Author – Lopun Alku (Naturmacht)
After an EP last year, the Finnish black metal project Author return with the full-length debut Lopun Aiku, which translates to “The Beginning Of The End.” J.V. handles everything but the drums, which are done by J.W.
Both songs from the EP are on this album, along with four new compositions. It’s traditional black metal, cold and stately, with a ’90s musical influence. The songs are well-constructed, with catchy riffs underlying the extremity and atmosphere. While not groundbreaking or stretching any musical boundaries, it is an enjoyable slab of old school black metal.
Black Star Riders – Heavy Fire (Nuclear Blast)
With their third album Heavy Fire, Black Star Riders continue to build their own legacy. The band, formed about four years ago by the current lineup of Thin Lizzy, once again worked with producer Nick Raskulinecz (Foo Fighters, Mastodon, Korn).
Heavy Fire is jam-packed with anthemic hard rock songs with memorable melodies and catchy choruses. Scott Gorham and Damon Johnson provide excellent guitar work, and Ricky Warwick is a versatile vocalist, whose delivery reminds me of a bluesier Elvis Costello. Whether it’s the arena ready “Dancing With The Wrong Girl” or the more emotional “Cold War Love,” he handles it with ease. The addition of female backing vocals on a couple of tracks such as “Ticket To Rise” adds even more variety.

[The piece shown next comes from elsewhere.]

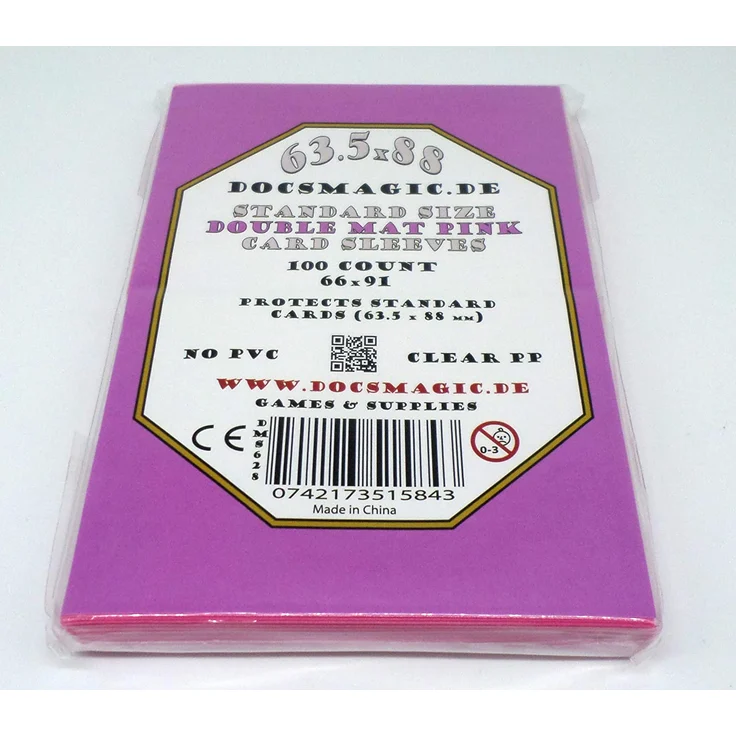 docsmagic. de 100 Double Mat Pink Card Sleeves Standard Size 66 x 91 - Rosa - Kartenhüllen - PKM MTG – Bild 4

Dreaming Dead – Funeral Twilight (Hammerheart)
It has been nearly five years since the last album from the L.A. melodic death metal band Dreaming Dead. They have a new record label and there are a couple of band members that have joined since their last record was released.
Funeral Twilight is an intense album with heavy riffs and pummeling drums, with the feral vocals from Elizabeth Schall adding even more bite. There are ample melodies as well along with some shredding guitar solos and a creepy instrumental halfway through the album that gives the listener a short respite before the bludgeoning resumes. It’s an effective element, unlike the closing nearly five minute instrumental that’s basically filler.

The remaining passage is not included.